Kathy Bishop si svegliò alle nove sudata, intirizzita, in preda a un dolore terribile. Stu suonò il campanello di chiamata e le tenne la mano. Lei lo guardò ma dalla sua espressione lui non fu in grado di capire che cosa vedesse. Dove diavolo erano andate a cacciarsi le infermiere? Avrebbe voluto andare a chiamarle di persona, ma preferiva non lasciare Kathy.
Finalmente arrivarono e Stu dovette mordersi la lingua per non assalirle a male parole.
Ora Kathy era di nuovo sotto sedativi, dormiva, e Stu si rese conto che tutto si era risolto in fondo in un tempo assai breve.

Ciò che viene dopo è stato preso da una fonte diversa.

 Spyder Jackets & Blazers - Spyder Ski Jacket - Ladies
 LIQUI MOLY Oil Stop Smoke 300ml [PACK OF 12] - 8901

La cameretta sembrava una cella. Si era assentato solo per un’ora, quando sua madre aveva portato tutti i figli a mangiare hamburger e patatine fritte al McDonald’s vicino all’ospedale. Tutti e sei erano più taciturni del solito e lui si era sforzato di tranquillizzarli, li aveva rassicurati sulle condizioni della mamma, aveva scherzato, si era mostrato di buonumore cercando di convincersi di averli ingannati. E così sentiva di aver fatto, aveva recitato con la sensazione di non essere se stesso, ma un impostore che aveva indossato le sembianze di papà.
I bambini avevano cominciato a farsi troppo esuberanti e la nonna li aveva incolonnati e portati via.
Mentre uscivano Stu aveva notato altri commensali che li guardavano e si era sentito saltare la mosca al naso.
Che cosa avete da guardare, tacchini, non avete mai visto una famiglia numerosa?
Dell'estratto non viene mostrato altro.